Top of EXERCISE MATERIAL

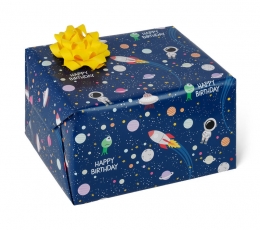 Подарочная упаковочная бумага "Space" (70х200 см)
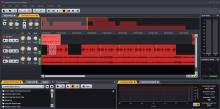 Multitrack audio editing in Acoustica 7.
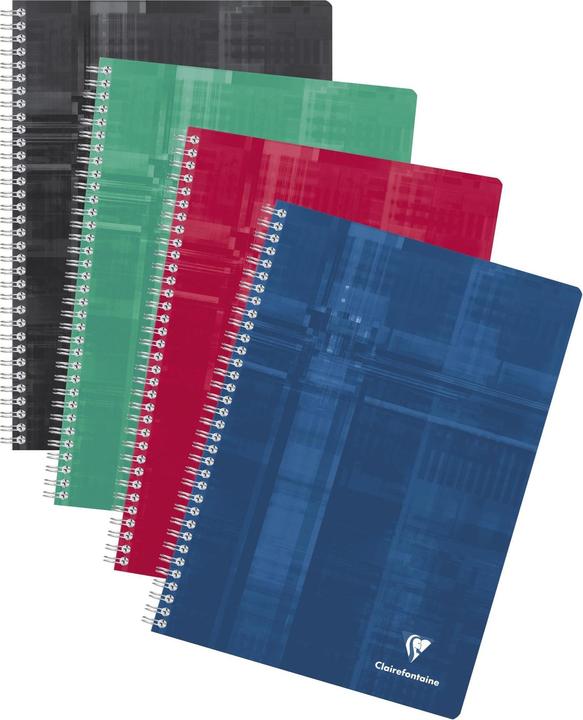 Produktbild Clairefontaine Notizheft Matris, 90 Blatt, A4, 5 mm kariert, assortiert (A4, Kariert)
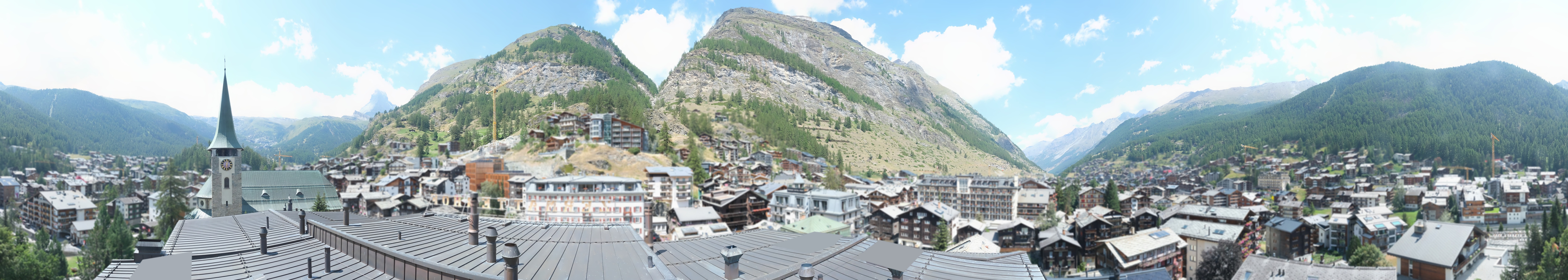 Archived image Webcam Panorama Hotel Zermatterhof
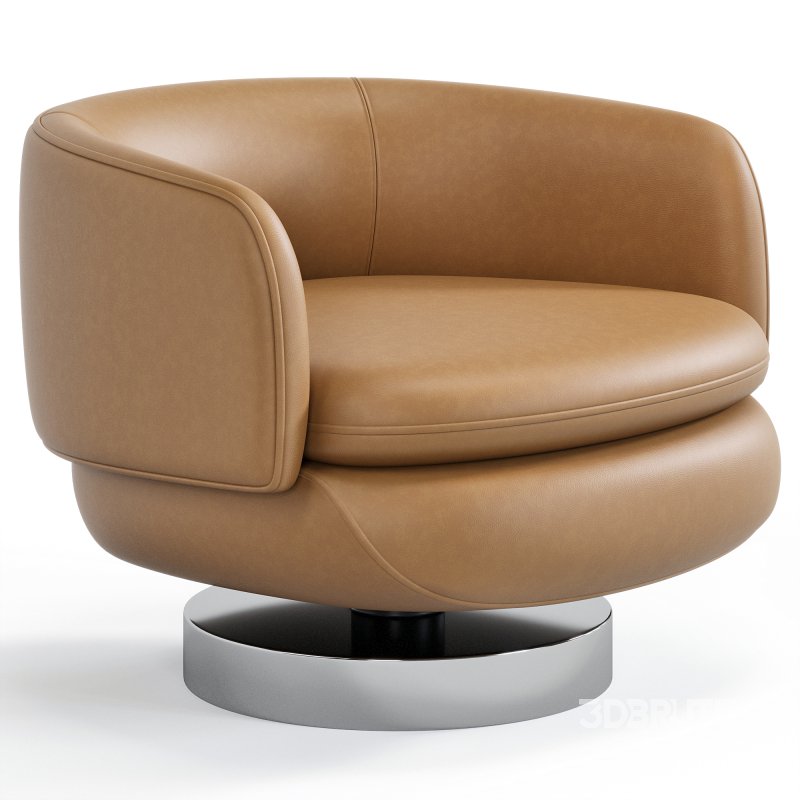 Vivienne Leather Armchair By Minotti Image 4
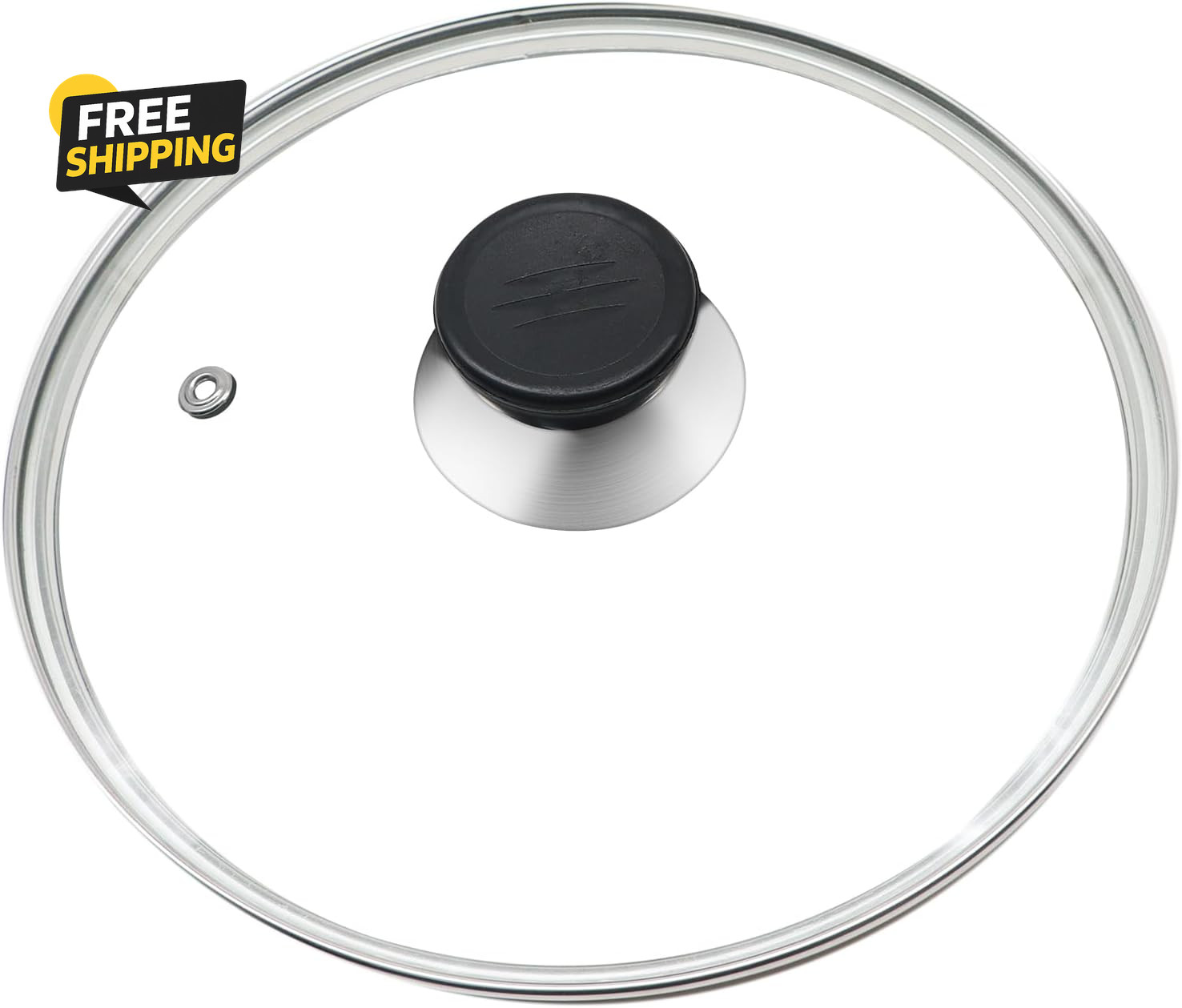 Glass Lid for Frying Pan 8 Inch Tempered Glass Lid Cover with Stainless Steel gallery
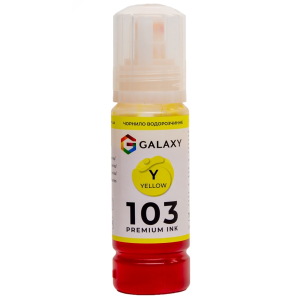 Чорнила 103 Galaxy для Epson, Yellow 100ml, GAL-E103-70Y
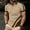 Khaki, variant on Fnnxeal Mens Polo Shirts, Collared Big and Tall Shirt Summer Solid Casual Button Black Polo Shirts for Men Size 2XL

Bottom of EXERCISE MATERIAL

WHAT YOU SHOULD DO: A verbatim copy of the records above, without pictures, is required.

ANSWER TO THIS TASK:
 Подарочная упаковочная бумага "Space" (70х200 см)
 Multitrack audio editing in Acoustica 7.
 Produktbild Clairefontaine Notizheft Matris, 90 Blatt, A4, 5 mm kariert, assortiert (A4, Kariert)
 Archived image Webcam Panorama Hotel Zermatterhof
 Vivienne Leather Armchair By Minotti Image 4
 Glass Lid for Frying Pan 8 Inch Tempered Glass Lid Cover with Stainless Steel gallery
 Чорнила 103 Galaxy для Epson, Yellow 100ml, GAL-E103-70Y
 Khaki, variant on Fnnxeal Mens Polo Shirts, Collared Big and Tall Shirt Summer Solid Casual Button Black Polo Shirts for Men Size 2XL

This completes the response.